What is being asked: Set down the data below word for word, and leave the images aside.

── Data block ──

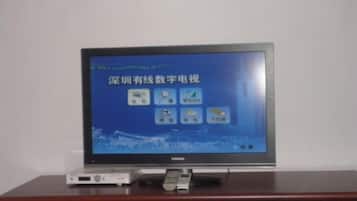 A television on a wooden cabinet with a remote control.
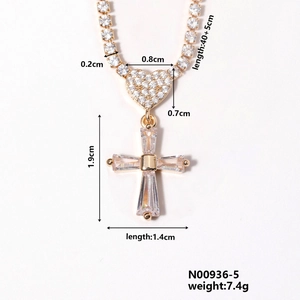 Detail view of gold heart and cross necklace with measurements and zircon inlays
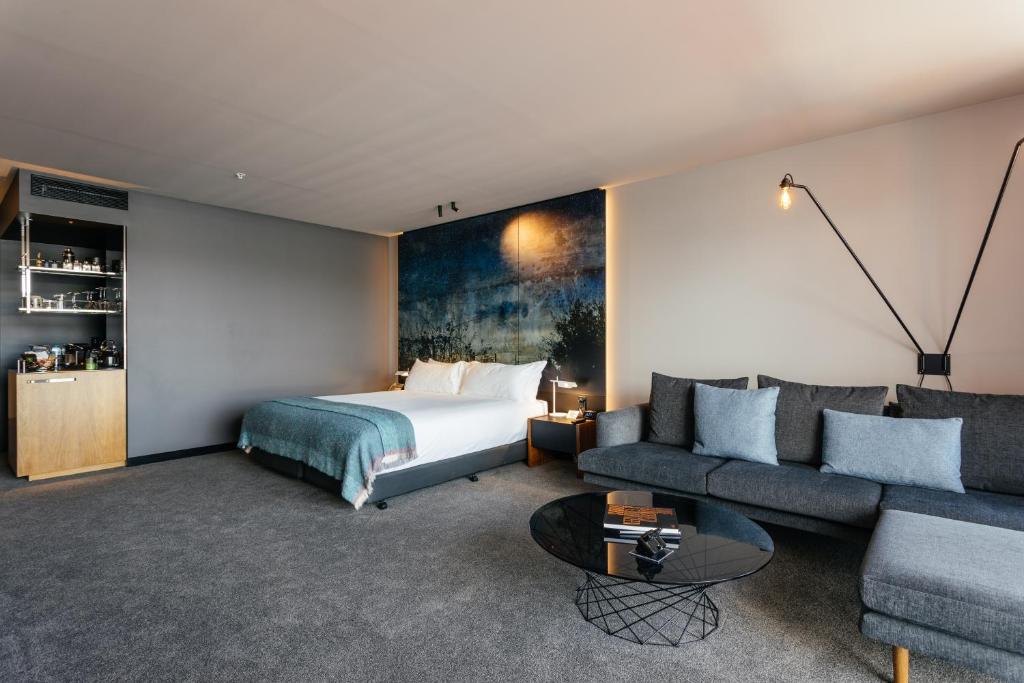 Postel nebo postele na pokoji v ubytování MACq 01 Hotel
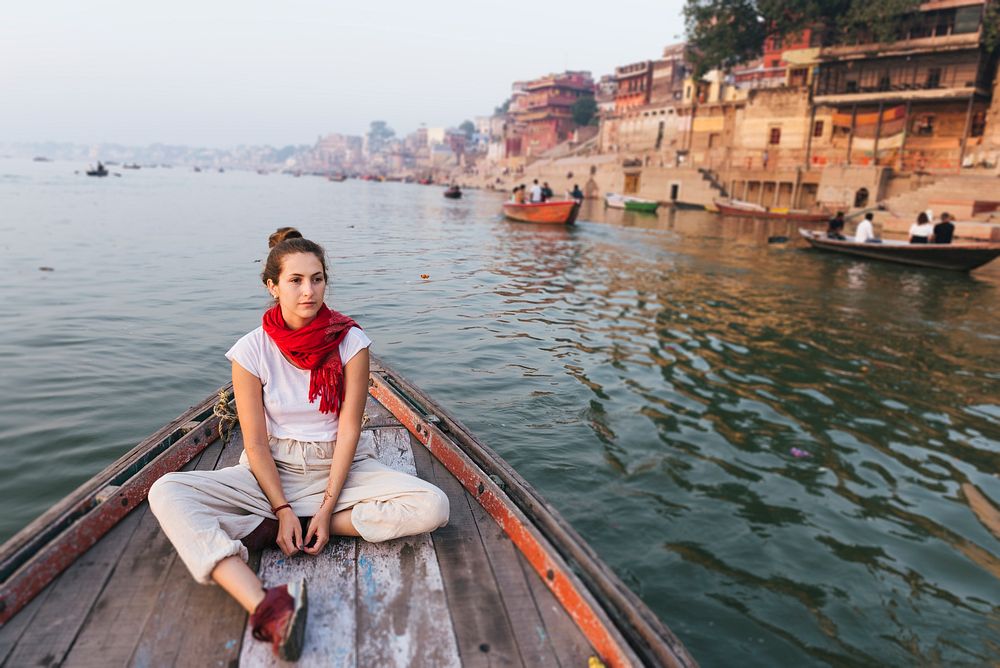 Western woman on a boat exploring the River Ganges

───

Exercise output:
 A television on a wooden cabinet with a remote control.
 Detail view of gold heart and cross necklace with measurements and zircon inlays
 Postel nebo postele na pokoji v ubytování MACq 01 Hotel
 Western woman on a boat exploring the River Ganges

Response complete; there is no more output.